The data:
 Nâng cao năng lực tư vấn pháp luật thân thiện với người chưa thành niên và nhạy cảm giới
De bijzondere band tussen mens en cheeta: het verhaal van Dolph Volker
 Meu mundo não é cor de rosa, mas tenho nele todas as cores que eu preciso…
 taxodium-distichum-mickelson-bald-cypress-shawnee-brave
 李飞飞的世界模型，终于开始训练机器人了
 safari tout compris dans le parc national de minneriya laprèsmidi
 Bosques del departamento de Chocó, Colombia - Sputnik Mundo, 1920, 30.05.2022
---
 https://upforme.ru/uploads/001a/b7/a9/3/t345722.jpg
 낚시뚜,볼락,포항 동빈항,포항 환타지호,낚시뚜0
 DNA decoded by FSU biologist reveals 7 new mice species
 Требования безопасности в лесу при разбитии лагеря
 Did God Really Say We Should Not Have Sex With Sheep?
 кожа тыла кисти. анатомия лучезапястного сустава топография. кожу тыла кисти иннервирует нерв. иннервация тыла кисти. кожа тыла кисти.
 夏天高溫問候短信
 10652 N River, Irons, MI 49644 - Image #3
* * *
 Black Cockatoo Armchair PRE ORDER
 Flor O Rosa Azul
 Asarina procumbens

Task prompt: Out of the data above, give again only the lines starting at the one holding "https://upforme.ru/uploads/001a/b7/a9/3/t345722.jpg" and ending at the one holding "10652 N River, Irons, MI 49644 - Image #3", unchanged.

Result of this task:
 https://upforme.ru/uploads/001a/b7/a9/3/t345722.jpg
 낚시뚜,볼락,포항 동빈항,포항 환타지호,낚시뚜0
 DNA decoded by FSU biologist reveals 7 new mice species
 Требования безопасности в лесу при разбитии лагеря
 Did God Really Say We Should Not Have Sex With Sheep?
 кожа тыла кисти. анатомия лучезапястного сустава топография. кожу тыла кисти иннервирует нерв. иннервация тыла кисти. кожа тыла кисти.
 夏天高溫問候短信
 10652 N River, Irons, MI 49644 - Image #3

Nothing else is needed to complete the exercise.